Here's some e-mail I sent out at the time.
The very first Lawrence-related goofiness came when I printed out a slip of paper with Lawrence's name on it, and affixed it to my ID badge. One thing that let you know you were dealing with a classy company was that when you joined the company you got a name badge, just like hotel staff wear -- and it doesn't use a little pin or tack that will poke holes in your fresh new Information Resources golf shirt. Instead, there is a metal bar with two strong little magnets on the ends, which adheres through your shirt to the metal backing on the badge.
So I snapped this on his dorsal, and he was now:
LAWRENCE THE FISH Information Resources
A Lawrence antic that happened soon after was that he put on the FIN button, perhaps reasoning that it and him were somehow kin. Also it said FIN on it, which is an important word for him, so he likes to keep the button around to remind him how to spell it. (He likes the ends of old French movies for the same reason.)
Then he started wearing signs on top of his button, made from sticky-notes. The first one said IT'S NOT JUST A TOY, IT'S LAWRENCE THE FISH. The second one said LAWRENCE IS GREAT.
I even took Lawrence with me to meetings for a couple days.
Attempting to get money for the Coke machine, Lawrence put up a sign saying "Guess the secret number and win $5. Only 50 cents to play." His plan was to get people to pay him and have them say a number, and then he'd just say "nope" and have a Coke.

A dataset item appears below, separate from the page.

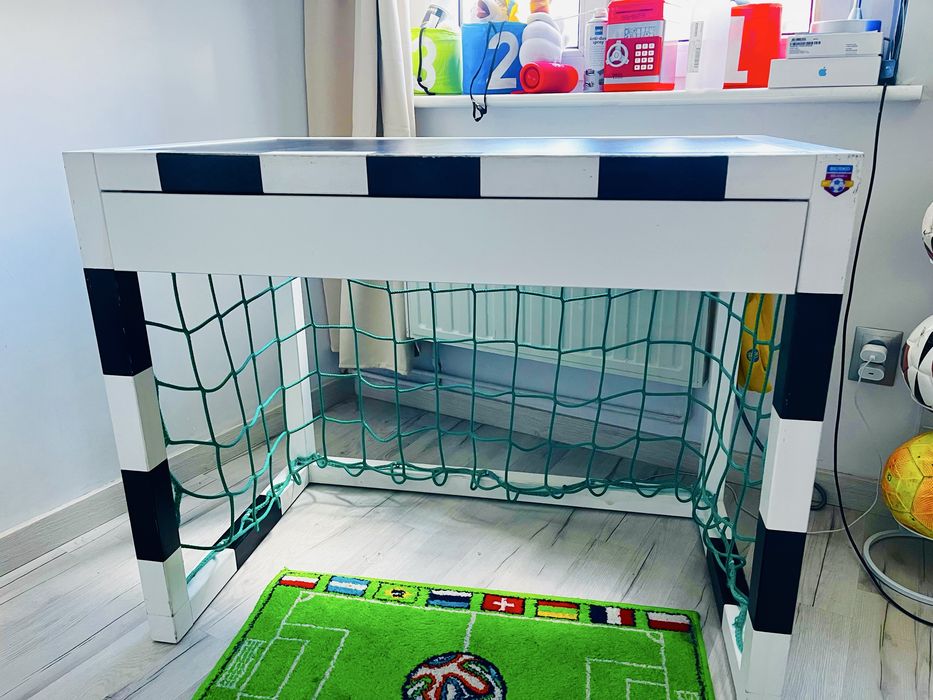 Biurko dla dzieci z szufladą bramka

Oddly enough my co-workers all saw through this gambit.
Rhonda was fairly understanding, and doesn't really think I'm crazy.
Lawrence was sitting on the monitor for my FreeBSD box, so he was plainly an important peripheral device, and I labeled him /dev/fish in BSD style.

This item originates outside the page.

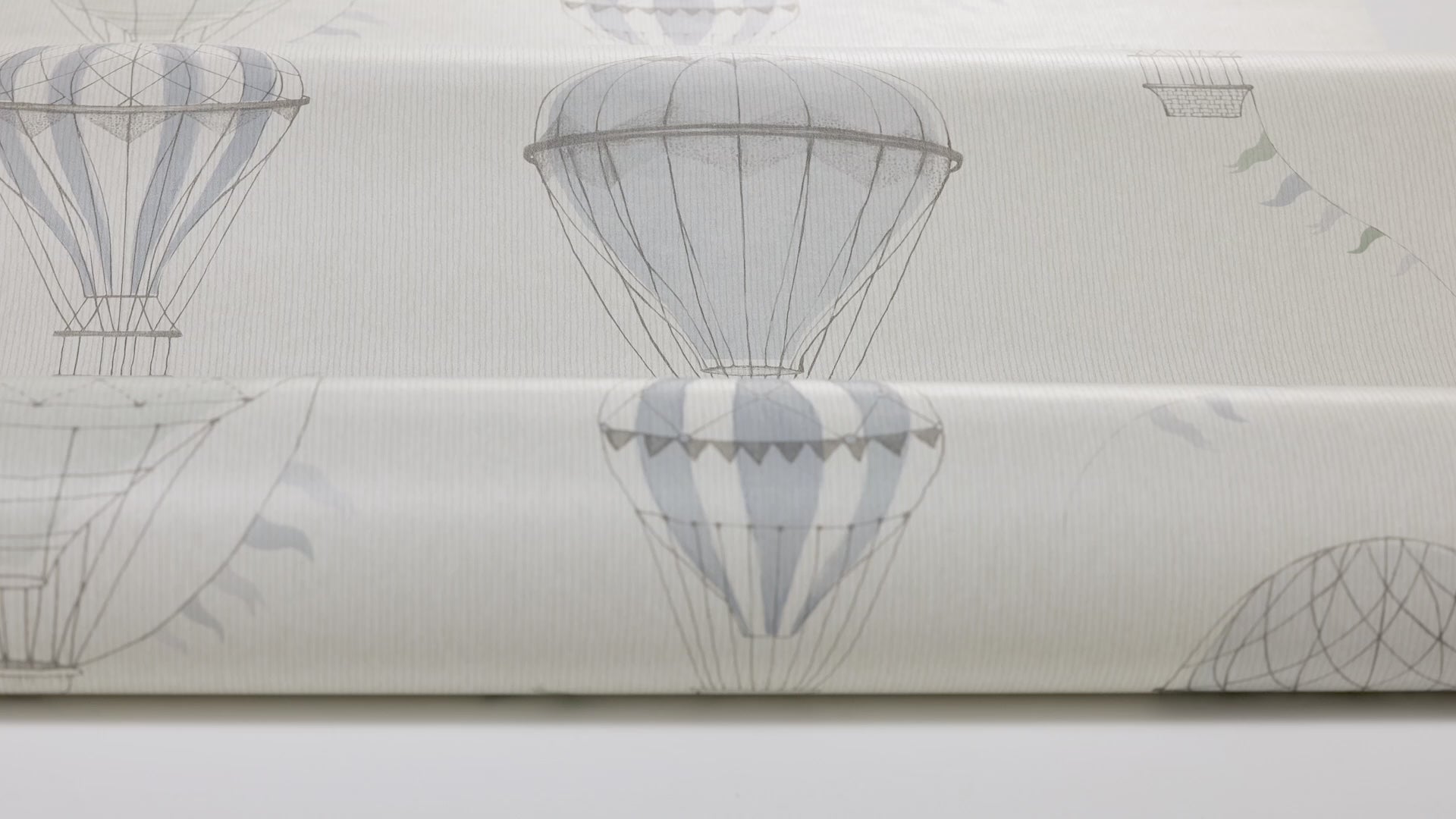 Children's Wallpaper UP IN THE SKY white with blue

Around this time other people were beginning to discard their stuffed fish, and I was able to snag a couple extras. I was going to put them on top of my monitor with Lawrence, but he got all cranky and morose, not wanting to share his space with others. Lawrence doesn't have very good people skills; he wants to feel special, and if he's not the only fish then he might not be special enough.
Remembering our Big EMC Disk Array, and to make Lawrence happy, I labeled them:
You'll only get this if you have seen the feminist bumper stickers they used to sell when I was in college.
Update: I happened to park my bike in my office; Lawrence has a note saying "GOT ONE!" now.
One of the droids got tired of riding around all folded up in the back of a speeder, and being bossed around by the sargeant droid, so he quit the Droid Army and went to live with Lawrence. Lawrence treats him sort of like a combination of a kid brother and a favorite pet. First they made a hot tub for him out of a bottlecap, and he was taking a bath for most of early December. They decided he was going to be named "Pete the Robot".

I cannibalized the patrol speeder and made Pete his own speeder
bike, which he quite enjoys.
Then the other droids got bored sitting around doing nothing, so I made the rest of the speeder parts into a little performance stage for them, with guitars and a drum kit, and they have a little Battle Droid Rock Band.
One of my co-workers saw this and said, "Oh, a little rock band! That's great!"
"Not that great," I said. "They only know one song, and it's Louie, Louie."
"You already have a blaster left over from the Droid Army. What possible use can you have for a railgun?"
"Plinking."
"What in the world are you planning to plink?"
"Old satellites."
So I gave him the railgun. It only took him about an hour for the idea to develop in his cybernetic brain that (a) we are inside, so he can't see the satellites, and (b) if he shot holes in the building anyway, he'd get us all in trouble.
So he gave it back and we're looking for something else to do with our high-energy power supplies.